The High Cost of Delay: School of Public Health Study Reveals Health and Financial Risks of Missed Hep B Vaccine

Photo of Hepatitis B vaccine

This week the Advisory Committee on Immunization Practices (ACIP) will consider delaying the infant hepatitis B (HepB) birth dose vaccine schedule. However, new research from Portland State University shows that even a short delay can lead to substantially more infections, severe long-term health complications and sharply increased healthcare spending.

OHSU-PSU School of Public Health Assistant Professor of Epidemiology Eric Hall, in partnership with the Los Angeles County Department of Public Health, Emory University and Cornell University, evaluated the health and economic consequences of delaying the HepB vaccine in the United States using a model of 2024 U.S. births.

By delaying the birth dose to 2 months among infants whose mothers are not known to be living with hepatitis B, there could be at least 1,400 preventable hepatitis B infections among children, 300 excess cases of liver cancer, 480 preventable deaths and more $222 million in excess healthcare costs, for each year the revised recommendation is in place.

If the birth dose was delayed to 12 years, this would balloon to at least 2,700 preventable hepatitis B infections and $313 million in excess healthcare costs for each year the revised recommendation is in place.

“Our analysis makes clear that the hepatitis B birth dose is a critical tool for preventing infections that can last a lifetime,” Hall said. “When vaccination is delayed, whether by months or by years, we see predictable and preventable increases in new infections, chronic disease, liver cancer, and related deaths; these findings show how important timely protection at birth is for safeguarding children’s long-term health.”

The model and results were released as a pre-print in medRxiv titled, Economic evaluation of delaying the infant hepatitis B vaccination schedule.

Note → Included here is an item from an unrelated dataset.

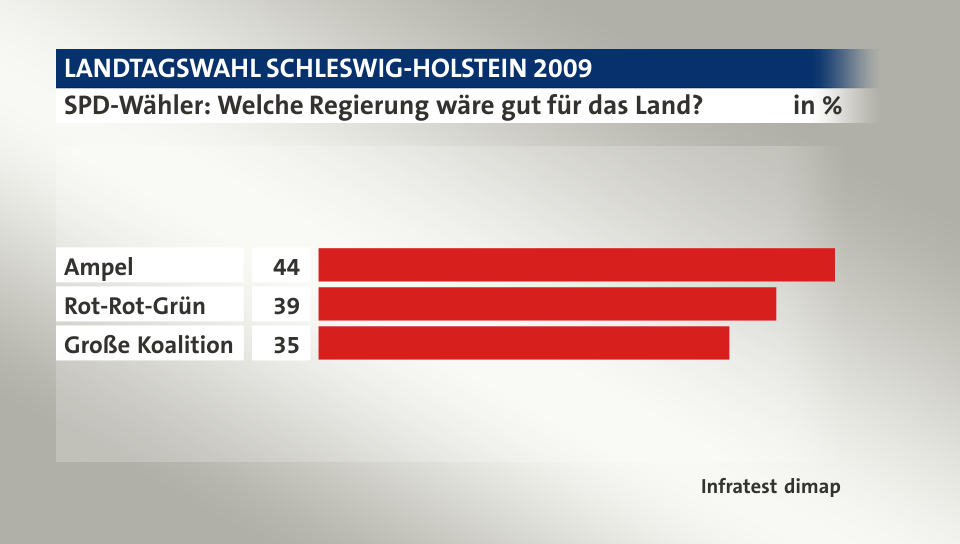 SPD-Wähler: Welche Regierung wäre gut für das Land?, in %: Ampel 44, Rot-Rot-Grün 39, Große Koalition 35, Quelle: Infratest dimap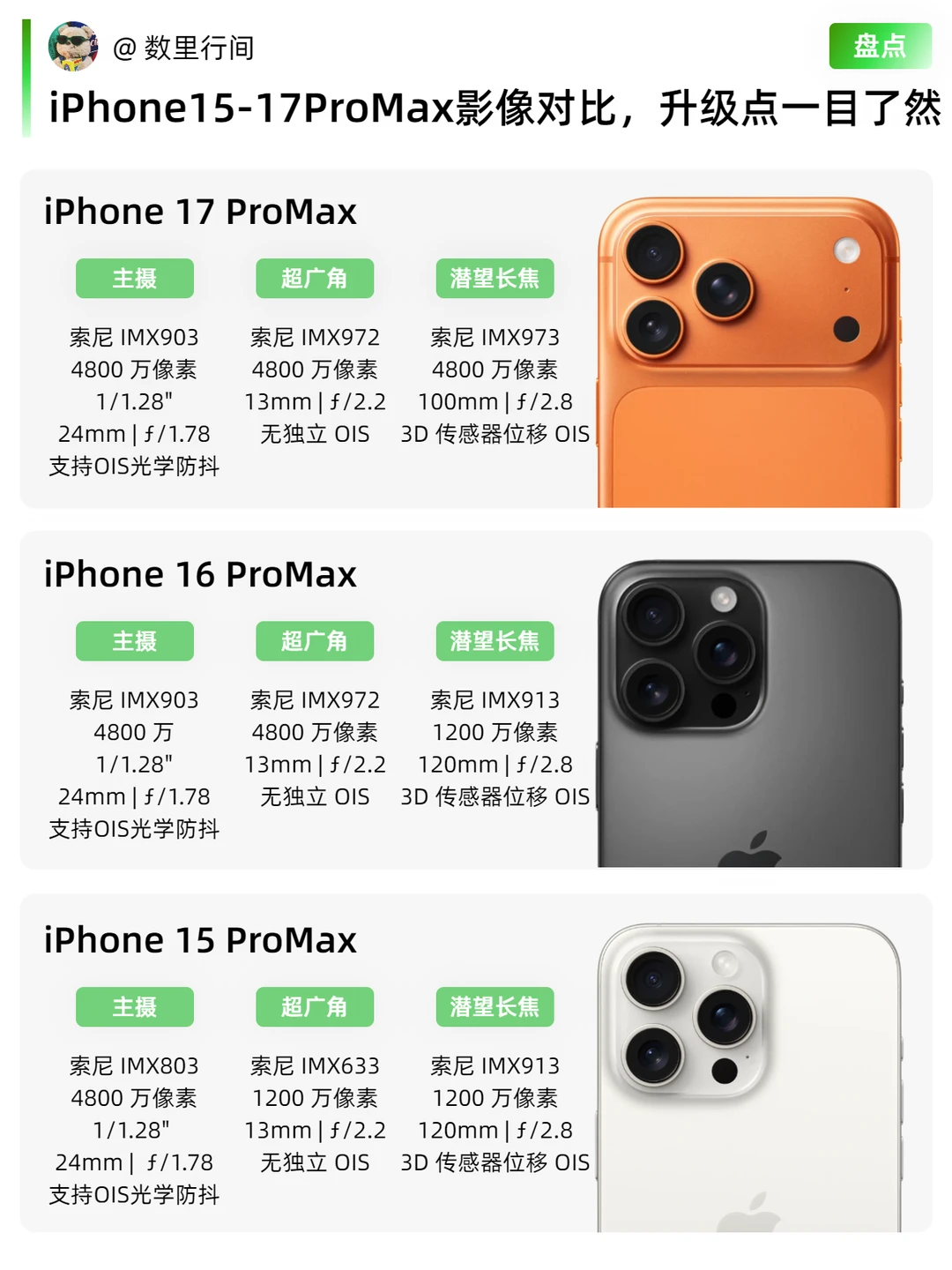理清三代ProMax影像差距，长焦改动最关键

This new analysis quantifies the impact of delaying the first HepB vaccination by months or years among infants whose mothers are not known to be living with hepatitis B. The authors have previously developed models on hepatitis B vaccination policies, within the framework outlined by the Advisory Committee on Immunization Practices (ACIP) Guidance for Health Economics Studies, which have informed prior ACIP decisions.

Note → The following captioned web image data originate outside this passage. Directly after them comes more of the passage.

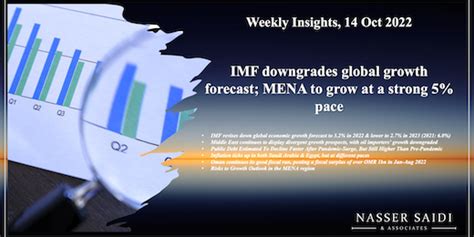 Weekly Insights 14 Oct 2022 Imf Downgrades Global Growth Forecast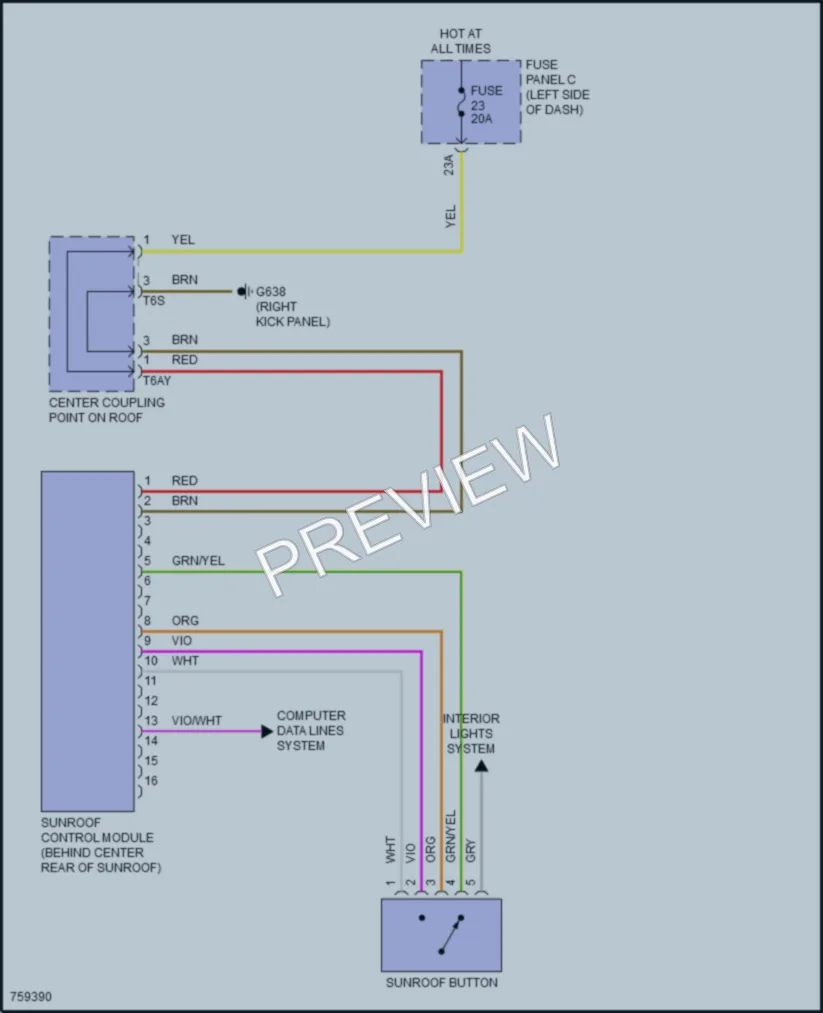 2021 Volkswagen Golf Power Top Sunroof wiring diagram preview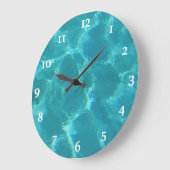 ターコイズブルーウォーターウォール時計 ラージ壁時計 (傾斜)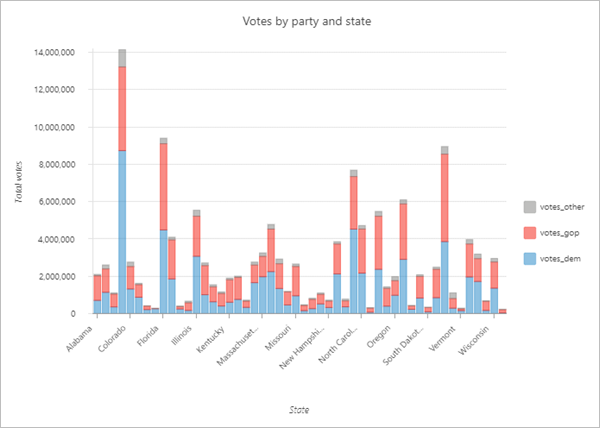 Bar chart of the number of votes by party and state in the 2016 United States election Bar chart of the number of votes by party and state in the 2016 United States election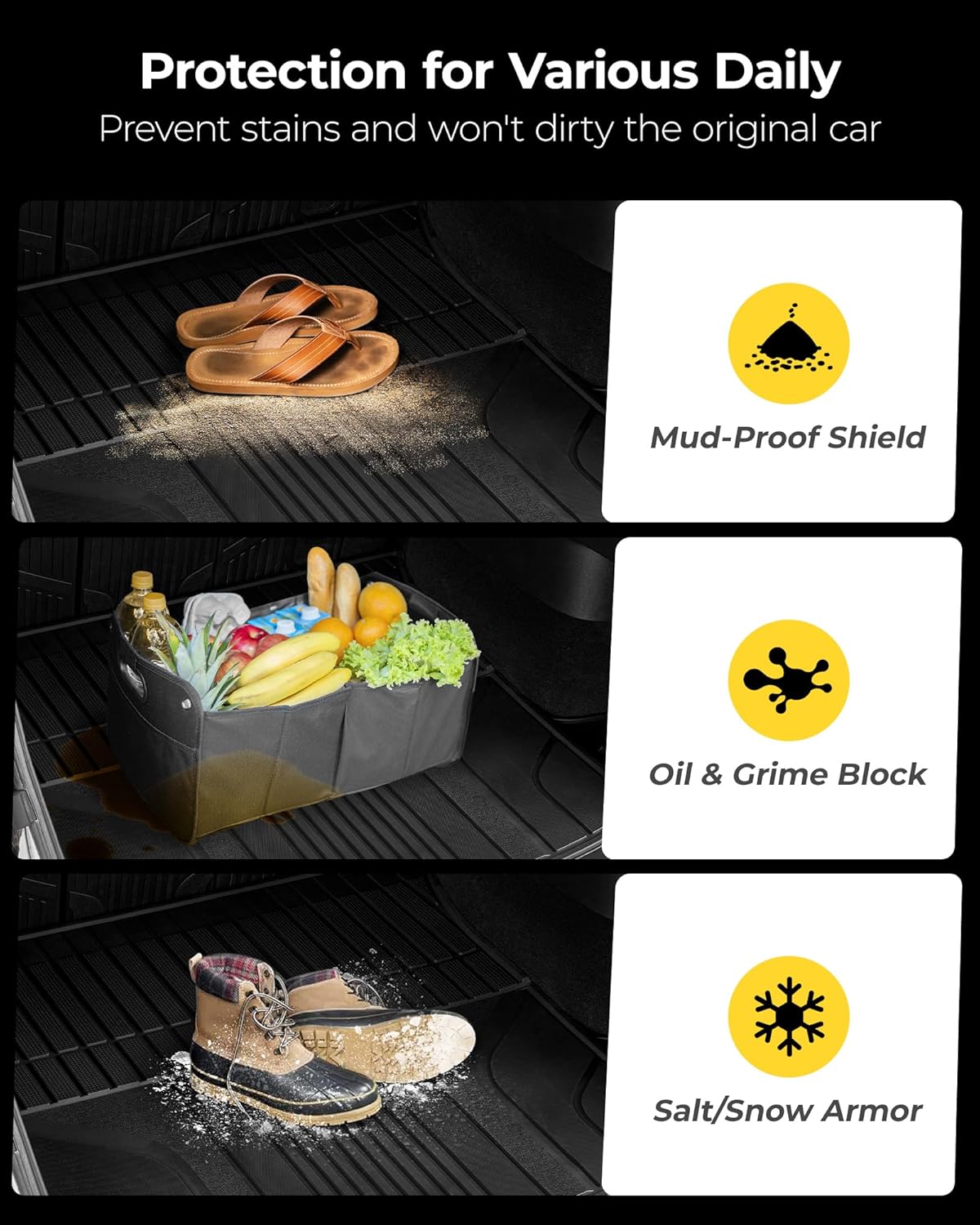 3W Cargo Liner Compatible with Jeep Grand Wagoneer(Non L) 2022-2024 2025 7 Passenger Model All Weather Custom Fit Black Trunk Mat Set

Historically, ACIP uses their published Evidence to Recommendations framework which includes evaluating data across many domains, to make recommendations. After the September 2025 ACIP meeting, Hall and his team recognized that the committee did not have the necessary evidence to evaluate a delay to the HepB vaccine schedule.

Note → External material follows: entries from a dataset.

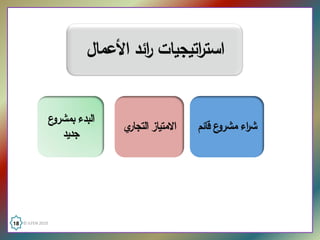 ‫اﺴﺘ اﺘﻴﺠﻴﺎت اﺌد اﻷﻋﻤﺎﻝ ‬
                                  ‫ر‬       ‫ر‬


                ‫ع‬‫اﻟﺒدء ﺒﻤﺸرو‬
                               ‫ي‬‫اﻻﻤﺘﻴﺎز اﻟﺘﺠﺎر‬   ‫ع ﻗﺎﺌم‬‫ﺸ اء ﻤﺸرو‬
                                                             ‫ر‬
                   ‫ﺠدﻴد‬




‫  0102 ‪18  © ILFEN‬‬
 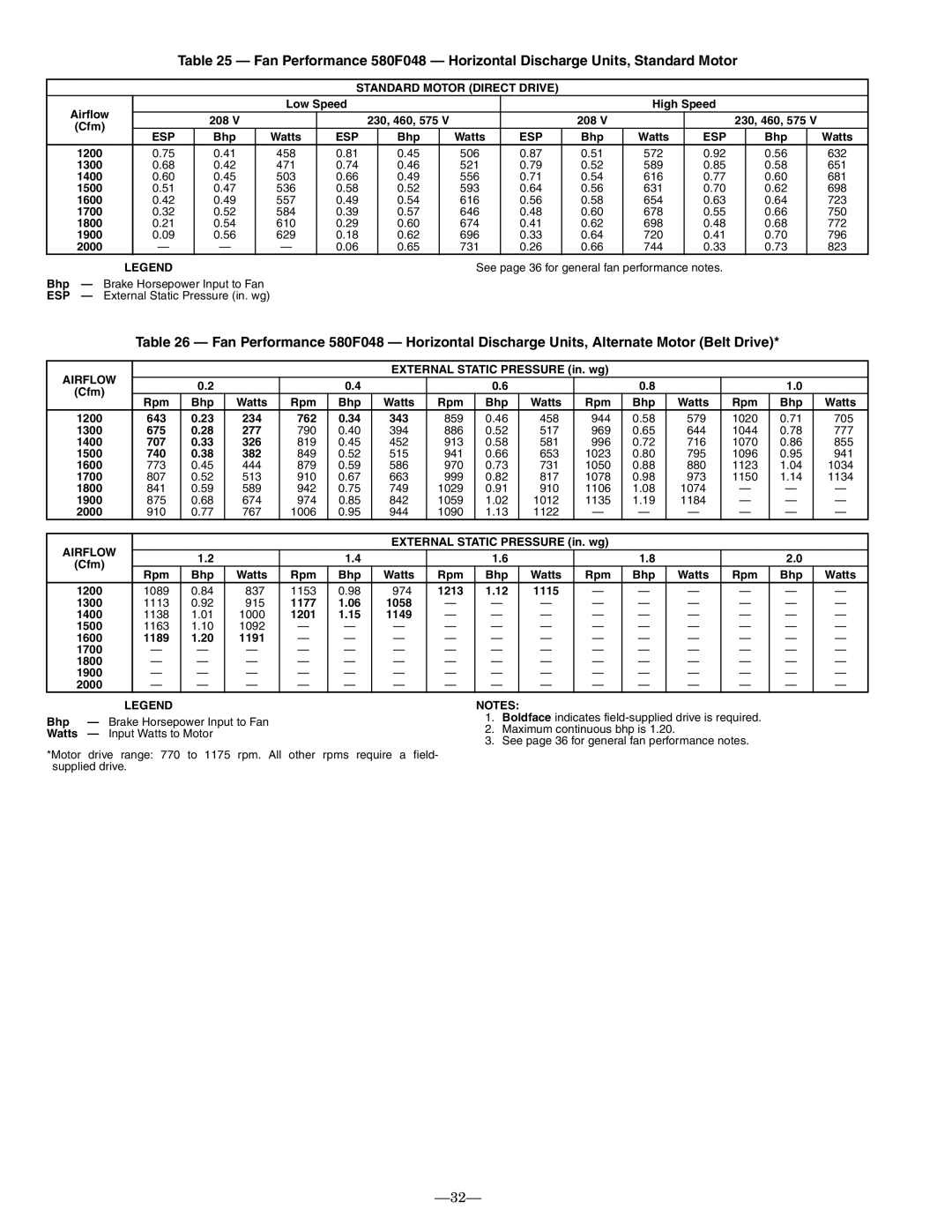 Bryant 580F installation instructions Low Speed High Speed, 762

“Our team worked quickly to modify and build upon our previous work to fill that need and provide these results and data for consideration in their discussion this week,” Hall said. “Universal infant vaccination has been the cornerstone of hepatitis B elimination efforts for decades.”

Since universal infant HepB vaccination started in 1991, pediatric HBV infections have dropped 90% and an estimated six million infections have been prevented.

“We have made great progress toward eliminating this preventable disease, and it is very important we continue this work and do not undo the important public health achievements of the past 45 years,” Hall added.